> WORK REQUEST: The lines from the top of the records below through the one containing "A professional video" are to be transcribed exactly, and nothing else is to be added.

[Dataset records]

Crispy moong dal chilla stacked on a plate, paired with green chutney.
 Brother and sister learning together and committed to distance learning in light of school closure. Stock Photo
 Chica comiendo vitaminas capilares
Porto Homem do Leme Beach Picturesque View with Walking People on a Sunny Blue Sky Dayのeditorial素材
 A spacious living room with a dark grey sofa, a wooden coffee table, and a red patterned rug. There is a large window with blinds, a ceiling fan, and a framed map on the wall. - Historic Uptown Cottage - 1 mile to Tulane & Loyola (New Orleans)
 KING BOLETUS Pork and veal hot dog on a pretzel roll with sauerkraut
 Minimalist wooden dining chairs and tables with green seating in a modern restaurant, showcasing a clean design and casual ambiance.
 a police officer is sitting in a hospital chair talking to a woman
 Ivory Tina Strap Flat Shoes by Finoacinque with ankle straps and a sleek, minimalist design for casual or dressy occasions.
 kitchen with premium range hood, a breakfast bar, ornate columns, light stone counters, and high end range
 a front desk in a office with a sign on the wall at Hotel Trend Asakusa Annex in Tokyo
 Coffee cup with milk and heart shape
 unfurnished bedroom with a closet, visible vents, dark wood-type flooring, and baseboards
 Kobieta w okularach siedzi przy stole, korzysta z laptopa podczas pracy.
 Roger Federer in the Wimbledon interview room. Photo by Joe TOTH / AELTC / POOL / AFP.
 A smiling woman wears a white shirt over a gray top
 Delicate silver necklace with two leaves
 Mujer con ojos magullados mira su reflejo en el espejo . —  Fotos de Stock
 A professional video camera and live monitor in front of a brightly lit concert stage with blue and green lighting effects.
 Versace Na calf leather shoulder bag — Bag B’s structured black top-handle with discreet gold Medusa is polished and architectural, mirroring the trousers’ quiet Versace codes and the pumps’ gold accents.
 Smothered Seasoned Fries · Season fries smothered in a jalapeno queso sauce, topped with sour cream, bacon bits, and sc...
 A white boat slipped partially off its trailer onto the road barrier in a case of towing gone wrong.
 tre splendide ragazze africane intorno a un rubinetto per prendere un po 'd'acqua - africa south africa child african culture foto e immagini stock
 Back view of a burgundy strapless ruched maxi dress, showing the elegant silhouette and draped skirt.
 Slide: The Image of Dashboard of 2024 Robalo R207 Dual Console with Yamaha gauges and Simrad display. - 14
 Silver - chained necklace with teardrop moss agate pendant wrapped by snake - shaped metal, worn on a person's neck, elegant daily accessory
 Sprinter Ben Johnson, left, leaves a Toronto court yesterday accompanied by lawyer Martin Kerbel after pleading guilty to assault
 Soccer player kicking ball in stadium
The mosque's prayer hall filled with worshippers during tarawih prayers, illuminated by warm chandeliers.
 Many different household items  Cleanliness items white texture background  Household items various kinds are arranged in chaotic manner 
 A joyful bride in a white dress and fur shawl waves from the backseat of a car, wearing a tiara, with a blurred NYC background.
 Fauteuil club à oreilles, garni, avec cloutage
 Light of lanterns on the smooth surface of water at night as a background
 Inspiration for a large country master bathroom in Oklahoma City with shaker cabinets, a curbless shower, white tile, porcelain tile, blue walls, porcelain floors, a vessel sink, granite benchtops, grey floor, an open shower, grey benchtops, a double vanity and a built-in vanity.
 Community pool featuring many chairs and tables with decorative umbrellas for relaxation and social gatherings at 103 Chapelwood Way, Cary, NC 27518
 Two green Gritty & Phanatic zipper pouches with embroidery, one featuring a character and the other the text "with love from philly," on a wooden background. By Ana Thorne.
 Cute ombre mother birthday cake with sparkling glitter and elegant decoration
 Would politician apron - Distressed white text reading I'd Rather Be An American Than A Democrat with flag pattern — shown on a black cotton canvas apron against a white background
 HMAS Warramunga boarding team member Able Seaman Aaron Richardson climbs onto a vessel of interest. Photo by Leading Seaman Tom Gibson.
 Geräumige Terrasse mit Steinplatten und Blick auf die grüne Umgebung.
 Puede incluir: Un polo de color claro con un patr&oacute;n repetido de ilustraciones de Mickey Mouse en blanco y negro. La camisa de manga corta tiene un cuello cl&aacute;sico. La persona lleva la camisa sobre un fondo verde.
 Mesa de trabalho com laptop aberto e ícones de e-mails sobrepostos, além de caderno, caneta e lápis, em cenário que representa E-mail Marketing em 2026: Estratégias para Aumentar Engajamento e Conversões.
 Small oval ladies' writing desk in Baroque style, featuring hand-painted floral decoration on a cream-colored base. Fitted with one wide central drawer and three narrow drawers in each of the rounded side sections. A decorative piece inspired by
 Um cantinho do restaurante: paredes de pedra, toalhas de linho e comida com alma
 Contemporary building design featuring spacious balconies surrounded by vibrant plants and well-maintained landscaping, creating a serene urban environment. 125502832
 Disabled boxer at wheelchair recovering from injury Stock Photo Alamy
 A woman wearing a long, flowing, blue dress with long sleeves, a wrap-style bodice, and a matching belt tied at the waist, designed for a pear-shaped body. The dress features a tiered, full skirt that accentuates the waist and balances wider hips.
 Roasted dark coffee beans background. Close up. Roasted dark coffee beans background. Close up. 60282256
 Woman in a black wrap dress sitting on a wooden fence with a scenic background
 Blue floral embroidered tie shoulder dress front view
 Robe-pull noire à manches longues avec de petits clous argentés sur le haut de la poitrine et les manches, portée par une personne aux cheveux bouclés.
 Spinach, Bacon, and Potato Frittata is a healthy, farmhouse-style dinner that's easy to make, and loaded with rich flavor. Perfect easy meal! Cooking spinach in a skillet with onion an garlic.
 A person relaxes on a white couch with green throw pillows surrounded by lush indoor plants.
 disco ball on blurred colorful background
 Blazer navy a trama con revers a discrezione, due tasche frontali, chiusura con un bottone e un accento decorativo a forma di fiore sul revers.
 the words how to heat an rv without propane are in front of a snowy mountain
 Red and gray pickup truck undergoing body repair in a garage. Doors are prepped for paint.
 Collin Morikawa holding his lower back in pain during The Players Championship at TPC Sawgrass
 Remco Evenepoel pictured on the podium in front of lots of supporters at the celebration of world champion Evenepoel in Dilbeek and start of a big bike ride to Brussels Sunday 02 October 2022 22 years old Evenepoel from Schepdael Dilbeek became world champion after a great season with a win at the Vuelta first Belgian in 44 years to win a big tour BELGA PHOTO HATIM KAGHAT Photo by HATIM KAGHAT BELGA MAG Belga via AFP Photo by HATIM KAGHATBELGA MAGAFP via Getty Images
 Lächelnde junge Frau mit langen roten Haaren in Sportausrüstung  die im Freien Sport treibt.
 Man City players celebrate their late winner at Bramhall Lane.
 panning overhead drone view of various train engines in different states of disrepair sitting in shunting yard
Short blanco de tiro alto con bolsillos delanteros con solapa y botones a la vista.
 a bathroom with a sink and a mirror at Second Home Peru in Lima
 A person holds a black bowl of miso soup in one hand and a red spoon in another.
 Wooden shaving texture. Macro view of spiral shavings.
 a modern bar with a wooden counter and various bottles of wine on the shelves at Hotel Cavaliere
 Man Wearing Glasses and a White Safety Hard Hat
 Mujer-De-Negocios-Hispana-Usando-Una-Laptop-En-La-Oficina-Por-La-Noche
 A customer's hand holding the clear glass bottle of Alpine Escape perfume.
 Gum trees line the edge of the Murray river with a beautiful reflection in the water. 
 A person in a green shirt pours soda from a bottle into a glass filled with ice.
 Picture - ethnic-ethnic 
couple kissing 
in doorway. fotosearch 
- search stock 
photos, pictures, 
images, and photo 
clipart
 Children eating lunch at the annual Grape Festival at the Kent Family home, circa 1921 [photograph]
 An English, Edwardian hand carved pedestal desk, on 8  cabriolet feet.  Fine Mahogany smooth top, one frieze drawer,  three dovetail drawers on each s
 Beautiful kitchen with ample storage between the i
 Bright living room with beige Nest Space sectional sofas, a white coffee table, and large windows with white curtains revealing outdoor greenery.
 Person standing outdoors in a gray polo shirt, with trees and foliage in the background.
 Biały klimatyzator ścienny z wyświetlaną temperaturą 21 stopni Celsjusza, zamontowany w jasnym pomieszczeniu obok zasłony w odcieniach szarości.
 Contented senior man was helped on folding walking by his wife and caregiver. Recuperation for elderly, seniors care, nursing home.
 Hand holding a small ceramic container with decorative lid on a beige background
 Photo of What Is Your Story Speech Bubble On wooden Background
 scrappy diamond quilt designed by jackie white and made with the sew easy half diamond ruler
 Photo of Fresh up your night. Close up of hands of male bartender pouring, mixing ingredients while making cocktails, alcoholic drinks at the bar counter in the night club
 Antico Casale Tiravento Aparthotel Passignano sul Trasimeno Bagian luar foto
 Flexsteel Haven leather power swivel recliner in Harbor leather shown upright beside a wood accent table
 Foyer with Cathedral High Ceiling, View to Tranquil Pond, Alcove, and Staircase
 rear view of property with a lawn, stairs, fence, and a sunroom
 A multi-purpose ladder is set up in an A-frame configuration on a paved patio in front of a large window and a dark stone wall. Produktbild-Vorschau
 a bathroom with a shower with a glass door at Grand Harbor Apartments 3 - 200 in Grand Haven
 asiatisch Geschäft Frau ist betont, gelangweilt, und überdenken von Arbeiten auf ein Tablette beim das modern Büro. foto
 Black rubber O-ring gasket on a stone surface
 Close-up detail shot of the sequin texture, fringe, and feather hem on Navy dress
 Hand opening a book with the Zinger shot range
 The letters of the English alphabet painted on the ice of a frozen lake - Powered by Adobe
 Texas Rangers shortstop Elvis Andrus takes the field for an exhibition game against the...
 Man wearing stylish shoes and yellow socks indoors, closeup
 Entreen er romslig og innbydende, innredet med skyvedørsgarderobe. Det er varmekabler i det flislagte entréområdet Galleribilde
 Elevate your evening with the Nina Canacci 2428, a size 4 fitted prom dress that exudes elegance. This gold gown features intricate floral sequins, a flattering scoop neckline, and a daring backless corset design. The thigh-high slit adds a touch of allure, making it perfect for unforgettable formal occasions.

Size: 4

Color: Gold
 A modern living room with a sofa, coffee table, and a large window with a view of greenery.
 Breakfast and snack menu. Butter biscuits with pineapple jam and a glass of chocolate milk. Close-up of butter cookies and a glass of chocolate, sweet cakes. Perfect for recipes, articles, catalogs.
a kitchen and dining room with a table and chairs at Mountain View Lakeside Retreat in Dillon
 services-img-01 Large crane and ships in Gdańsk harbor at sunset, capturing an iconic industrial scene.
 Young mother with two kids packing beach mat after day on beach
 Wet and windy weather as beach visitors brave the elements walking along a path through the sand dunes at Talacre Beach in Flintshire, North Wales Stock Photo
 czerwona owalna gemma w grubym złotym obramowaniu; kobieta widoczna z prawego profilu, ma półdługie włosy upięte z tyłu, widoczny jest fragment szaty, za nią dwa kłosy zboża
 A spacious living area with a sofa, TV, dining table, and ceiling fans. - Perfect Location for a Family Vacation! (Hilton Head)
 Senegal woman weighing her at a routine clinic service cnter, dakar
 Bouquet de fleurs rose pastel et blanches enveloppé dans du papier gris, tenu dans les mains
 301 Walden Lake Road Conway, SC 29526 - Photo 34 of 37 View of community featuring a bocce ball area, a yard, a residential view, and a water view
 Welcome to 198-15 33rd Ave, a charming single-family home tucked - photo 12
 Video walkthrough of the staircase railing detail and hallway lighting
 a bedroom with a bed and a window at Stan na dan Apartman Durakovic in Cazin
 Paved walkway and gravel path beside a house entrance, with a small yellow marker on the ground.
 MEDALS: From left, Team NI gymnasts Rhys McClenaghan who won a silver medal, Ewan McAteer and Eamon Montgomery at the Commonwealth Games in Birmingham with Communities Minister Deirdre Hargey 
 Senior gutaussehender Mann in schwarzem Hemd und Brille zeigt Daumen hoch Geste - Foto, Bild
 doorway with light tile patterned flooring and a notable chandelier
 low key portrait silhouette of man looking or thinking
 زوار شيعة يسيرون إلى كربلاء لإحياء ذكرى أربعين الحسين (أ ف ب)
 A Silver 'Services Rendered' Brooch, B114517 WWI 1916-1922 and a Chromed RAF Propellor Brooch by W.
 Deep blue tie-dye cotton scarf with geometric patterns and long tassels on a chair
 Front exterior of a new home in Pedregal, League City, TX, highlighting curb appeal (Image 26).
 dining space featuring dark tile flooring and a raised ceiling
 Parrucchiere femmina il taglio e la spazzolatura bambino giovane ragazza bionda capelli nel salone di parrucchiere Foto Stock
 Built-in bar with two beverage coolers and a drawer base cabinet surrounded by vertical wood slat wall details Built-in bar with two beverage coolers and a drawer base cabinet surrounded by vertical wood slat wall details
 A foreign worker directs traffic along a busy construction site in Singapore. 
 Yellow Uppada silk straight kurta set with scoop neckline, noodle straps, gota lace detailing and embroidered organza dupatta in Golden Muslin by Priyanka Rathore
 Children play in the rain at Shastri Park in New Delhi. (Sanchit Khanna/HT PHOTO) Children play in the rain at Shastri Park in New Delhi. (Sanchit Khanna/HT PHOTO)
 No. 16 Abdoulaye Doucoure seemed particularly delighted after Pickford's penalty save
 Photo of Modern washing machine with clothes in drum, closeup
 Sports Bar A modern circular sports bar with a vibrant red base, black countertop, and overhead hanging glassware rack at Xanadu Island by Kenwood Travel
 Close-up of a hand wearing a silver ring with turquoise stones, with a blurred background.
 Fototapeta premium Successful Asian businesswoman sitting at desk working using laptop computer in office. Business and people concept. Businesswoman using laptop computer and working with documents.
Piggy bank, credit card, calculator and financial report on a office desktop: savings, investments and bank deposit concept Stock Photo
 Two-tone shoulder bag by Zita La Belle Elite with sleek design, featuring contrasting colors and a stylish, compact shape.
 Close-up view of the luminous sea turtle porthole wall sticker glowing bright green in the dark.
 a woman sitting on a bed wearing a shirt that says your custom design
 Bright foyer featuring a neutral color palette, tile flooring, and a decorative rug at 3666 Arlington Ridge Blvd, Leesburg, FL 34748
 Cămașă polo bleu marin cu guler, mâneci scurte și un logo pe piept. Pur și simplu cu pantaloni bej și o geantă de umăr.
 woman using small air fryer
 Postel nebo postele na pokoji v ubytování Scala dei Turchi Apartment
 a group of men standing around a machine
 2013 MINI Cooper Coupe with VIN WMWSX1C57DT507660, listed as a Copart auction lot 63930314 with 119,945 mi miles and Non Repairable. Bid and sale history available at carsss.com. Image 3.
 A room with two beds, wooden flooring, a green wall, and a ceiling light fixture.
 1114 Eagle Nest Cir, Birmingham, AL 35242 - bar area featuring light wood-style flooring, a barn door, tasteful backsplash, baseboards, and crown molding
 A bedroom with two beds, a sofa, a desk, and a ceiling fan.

> RESULT FOR THIS TASK:
Crispy moong dal chilla stacked on a plate, paired with green chutney.
 Brother and sister learning together and committed to distance learning in light of school closure. Stock Photo
 Chica comiendo vitaminas capilares
Porto Homem do Leme Beach Picturesque View with Walking People on a Sunny Blue Sky Dayのeditorial素材
 A spacious living room with a dark grey sofa, a wooden coffee table, and a red patterned rug. There is a large window with blinds, a ceiling fan, and a framed map on the wall. - Historic Uptown Cottage - 1 mile to Tulane & Loyola (New Orleans)
 KING BOLETUS Pork and veal hot dog on a pretzel roll with sauerkraut
 Minimalist wooden dining chairs and tables with green seating in a modern restaurant, showcasing a clean design and casual ambiance.
 a police officer is sitting in a hospital chair talking to a woman
 Ivory Tina Strap Flat Shoes by Finoacinque with ankle straps and a sleek, minimalist design for casual or dressy occasions.
 kitchen with premium range hood, a breakfast bar, ornate columns, light stone counters, and high end range
 a front desk in a office with a sign on the wall at Hotel Trend Asakusa Annex in Tokyo
 Coffee cup with milk and heart shape
 unfurnished bedroom with a closet, visible vents, dark wood-type flooring, and baseboards
 Kobieta w okularach siedzi przy stole, korzysta z laptopa podczas pracy.
 Roger Federer in the Wimbledon interview room. Photo by Joe TOTH / AELTC / POOL / AFP.
 A smiling woman wears a white shirt over a gray top
 Delicate silver necklace with two leaves
 Mujer con ojos magullados mira su reflejo en el espejo . —  Fotos de Stock
 A professional video camera and live monitor in front of a brightly lit concert stage with blue and green lighting effects.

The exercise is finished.